The Guardian (and the much derided - very unfairly in my opinion - Independent) have nothing to fear from BBC News for as long as they keep producing quality journalism. Many of their stories still read like PA copy that's been rewritten for Ceefax - while the much derided - very fairly in my opinion - ad serving prompted redesign has made a right mess of the related stories, web links and pull quotes whilst leaving the far right hand nav nothing more than an irrelevant collection of shock "Man 'forced to marry' goat" headlines designed to solicit clicks.

Would Wikileaks have given the Afghanistan documents to the BBC? Would they have been able to do anything innovative with it? I think not.

There are plenty of apps in the Apple store these days and there's little in the BBC one yet to 'wow' me - indeed I find the photo-based index is an unnecessary gimmick - it'd be quicker to navigate with standard text headlines. Whilst there's a News 24 video feed there's no link to the most recent domestic or world service news bulletin (my most frequent feature on the wonderful NPR app - the on-demand podcasts in the Guardian app have come in handy on several occasions too).

Maybe you'll lose a few newcomers to the iPhone - the kind of people who think journalism isn't worth paying for - and you may want to show them what they're missing (personally I've always thought the "we'll give you X articles/sections for free" approach, where X is a largish number, is a reasonable one - less of a paywall, more of a white picket fence beyond which stretches a tempting garden of content.) But fans of quality journalism (still at the thickest end of the long tail, thankfully) aren't going to settle for mediocrity - you just need to maintain your standards and promote the good stuff.

(Faster offline syncing on the iPhone app and a way to turn the comments off on the website wouldn't go amiss either.)

Interesting blog.
I hope that your idea doesn't become reality and that 'where we have comment, opinion and editorial analysis of much greater depth than the BBC's due impartiality allows' leads to more Daily Mail like applications.

I would definitely pay good money to be able to turn off the comments on the Guardian site.

Well apple do make a lot of surprising decision. They kinda do what the better suits them. Like releasing the iphone 4 whitout clearly fully testing his liability which lead them into giving away free cover because they failed at designing a product that work correctly... I'm disapointed in how all those decision seem to be displaying a quality decreasing but i'm even more disapointed by seeing all those follower not even realising what going on in front of their eyes...
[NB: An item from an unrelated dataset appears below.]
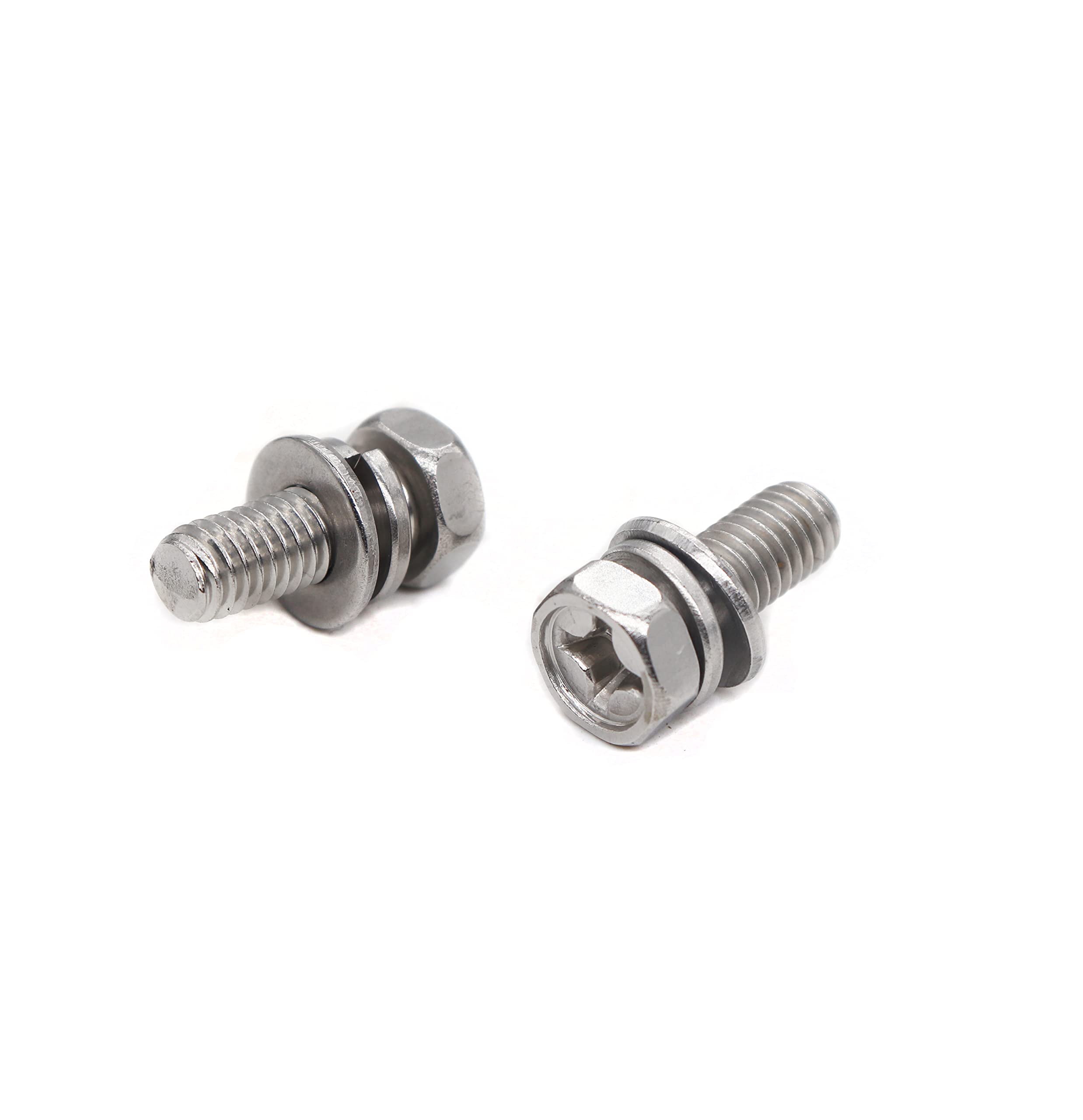 binifiMux Motorcycle Battery Terminal Kit - 12-Pack M6x16mm Stainless Steel 304, Silver, Model CF-952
About the BBC, it should have definitly gone through a full public test.

The BBC are well know for their ill thought out moves .. Salford Quays relocation anyone? :)

I stumbled across this post in a Google search and I am glad I did.
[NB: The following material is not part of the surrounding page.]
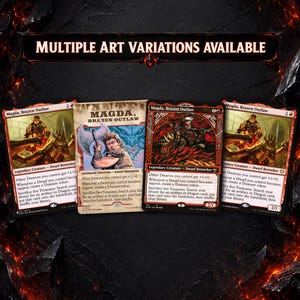 May include: Four Magic: The Gathering trading cards titled Magda, Brazen Outlaw, featuring three distinct artistic illustrations of a dwarf berserker character. The cards are displayed horizontally with the text Multiple Art Variations Available above.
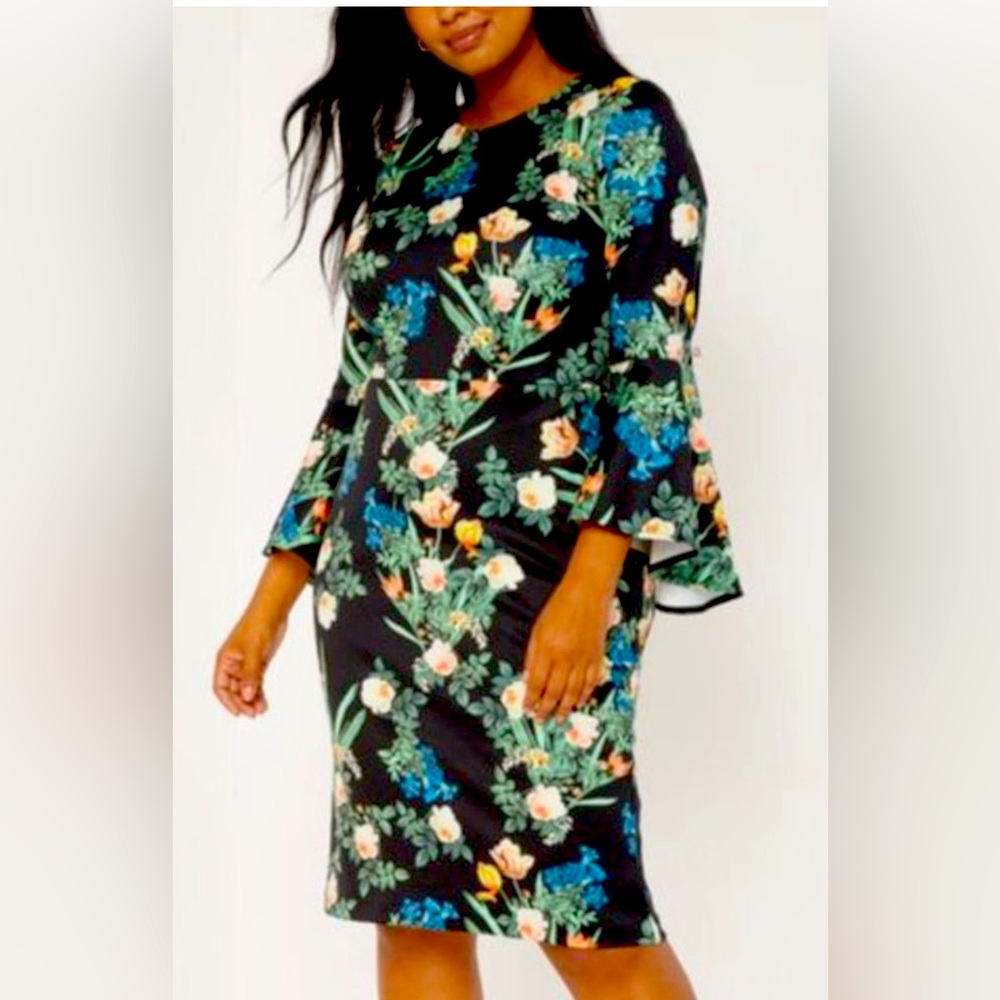 NWT Eloquii Black floral fit and flare scuba dress 20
It seems to me that the power held and the infulence that the BBC has, has allowed for this apparent oversight by the Trust to have taken place. I fully agree with your comments of
"struggle to understand how placing BBC content in the app store was defined by the Trust as not being "a new area of activity for the BBC"."

as it blatantly is. My question is why have the checks and balances not come into play over this issue. Who are the bodies responsible for authorising such manouveurs? It will be interesting to see te tactics used as the BBC move into more territory in the New Media sphere.

Cool article, but is your gripe because the BBC now has an app available that will steal Guardian's business/potential business or that they didn't spend enough time making an 'awesome' app?

It doesn't seem fair that the BBC are allowed to compete in the commercial arena like this. It also doesn't seem fair that any non-license payer can access so much BBC content for free yet as a license payer, I can't even get my local radio station on DAB. I think they need to look where they should be investing our money.